Research showed that a machine’s ability to actually learn – called learnability – can be constrained by mathematics that is unprovable. In other words, it’s basically giving an AI an undecidable problem, something that’s impossible for an algorithm to solve with a true-or-false response.

The team investigate a machine learning problem they call ‘estimating the maximum’ (EMX), in which a website seeks to display targeted advertising to the visitors that browse the site most frequently – although it isn’t known in advance which visitors will visit the site. This problem is similar to a mathematical paradox called the continuum hypothesis, another field of investigation for Gödel.

Like the incompleteness theorems, the continuum hypothesis is concerned with mathematics that cannot ever be proved to be true or untrue, and given the conditions of the EMX example, at least, machine learning could hypothetically run into the same perpetual stalemate. (1)

We believe in science.

But the only thing science has proved is that it cannot prove anything.

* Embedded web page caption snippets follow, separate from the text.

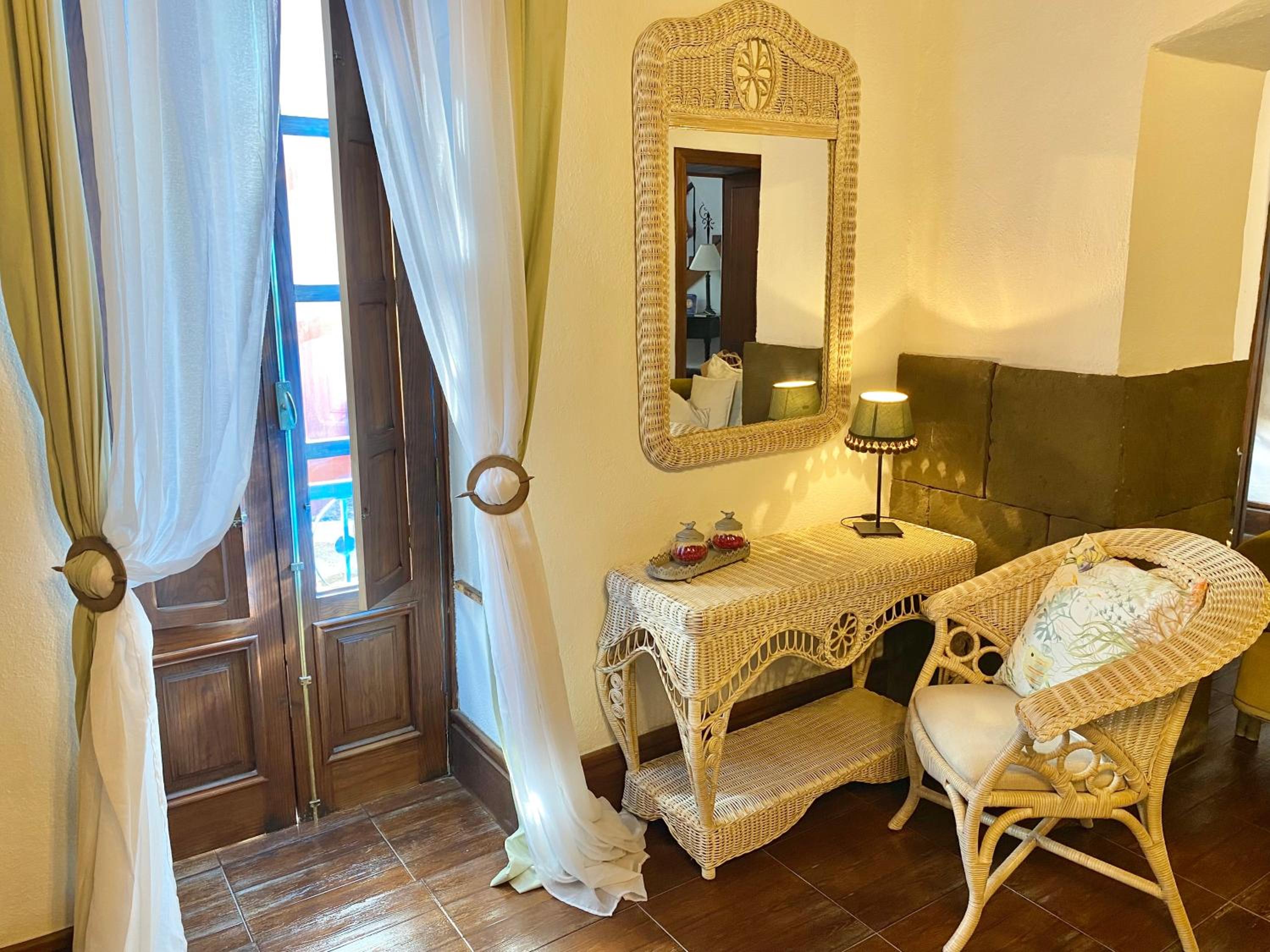 Authentic Canary Style Villa with private pool and garden- Casa Juan Vera
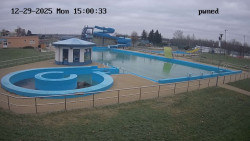 Hlavní bazén, divoká řeka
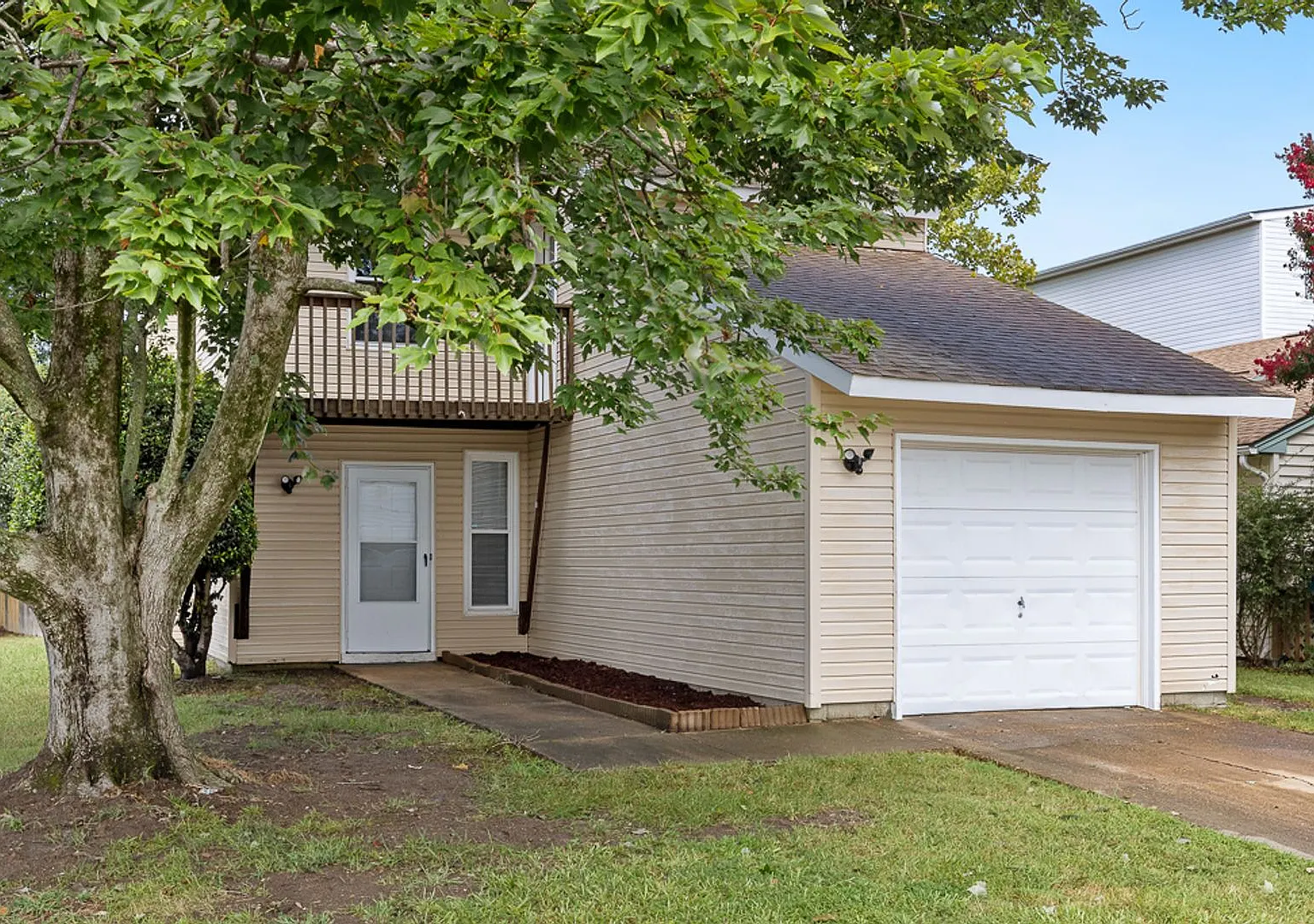 Beautifully remodeled 3 bedroom, 2.5 bathroom, two story home in central Virginia Beach! — Photo 2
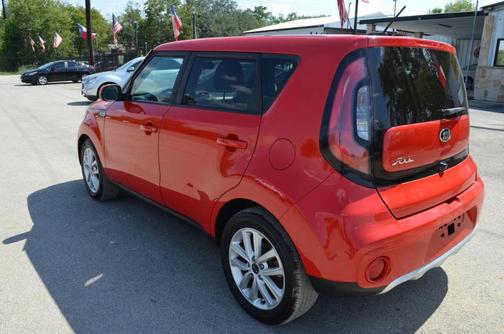 2018 Kia Soul +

Gödel’s incompleteness theorem showed that whatever we do, we will never be able to prove everything in the context of our limited theories. No matter how many axioms you choose and how carefully you choose them, you will never be able to describe the cosmos in its totality in an objective way as proponents of scientism would like to believe.

Now we have built big computers.

With the hope that they will answer everything.

But they cannot answer anything.

Because there is nothing to answer in the first place.

In a limited world there is no reason to analyze the Monad.

In an immeasurable cosmos you cannot count beyond One.

The maximum is zero.

The minimum is infinite.

A computer struggling to make sense of the problem. A man standing beside the computer trying to make sense of the computer. A bird flying by. Poor man…

Back to analog… Looking at the forest again…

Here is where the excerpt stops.